The resonance frequency and quality factor of the proof mass are 1.8\({kHz}\) and 927, respectively, which shows that the maximum bandwidth limit on the tilt sensor is determined by the characterization of the proof mass. The amplitude ratios of the weakly coupled resonators are set to 5, 12, and 17, which are used to investigate the bandwidth of the tilt sensor at different amplitude ratios, as shown in Fig. 8c. The effective bandwidths of the tilt sensor are 20\({Hz}\), 47\({Hz}\), and 95\({Hz}\) when the amplitude ratios are 5, 12, and 17, respectively. Increasing the amplitude ratio increases the effective bandwidth. Peaks occur when the drive frequency of the tilt sensor is at the mode frequency difference of the weakly coupled resonators, which also affects the effective bandwidth for the tilt sensor.

Discussion and conclusion

In this paper, a DD noise analysis model based on a weakly coupled resonator closed-loop circuit is established to optimize the noise performance of mode-localized tilt sensors. The DD noise model separates weakly coupled resonators using the decoupling method considering the nonlinearity of these resonators. By integrating the decoupled weakly coupled resonators, the model decomposes the weakly coupled resonator closed-loop circuit into paths for amplitude noise and phase noise analysis, realizing an expression of system noise in the weakly coupled resonator closed-loop circuit.

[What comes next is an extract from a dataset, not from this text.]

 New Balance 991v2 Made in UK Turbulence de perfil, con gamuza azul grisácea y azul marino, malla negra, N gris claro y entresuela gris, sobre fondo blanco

Simulation verification is conducted using MATLAB/Simulink and demonstrates that the model has a high accuracy when compared with theoretical analysis. The mode-localized tilt sensor works at the optimal operating point, an input-referred instability of \(3.91\times {10}^{-4}{\rm{^\circ }}\), where an input-referred amplitude ratio of PSD of \(2.01\times {10}^{-4}{\rm{^\circ }}/\sqrt{{Hz}}\) is obtained. In addition, an effective bandwidth of 47\({Hz}\) is also measured on the mode-localized tilt sensor. The DD noise analysis model for weakly coupled resonators demonstrates potential in utilizing the mode-localized paradigm for optimizing various sensors, including accelerometers, electrometers, and mass sensors. Future work on enhancing the resolution of mode-localized sensors could involve the integration of ultralow mechanical coupling structures, optimal operating Duffing nonlinearity, and ultraprecise level bias voltages for different applications.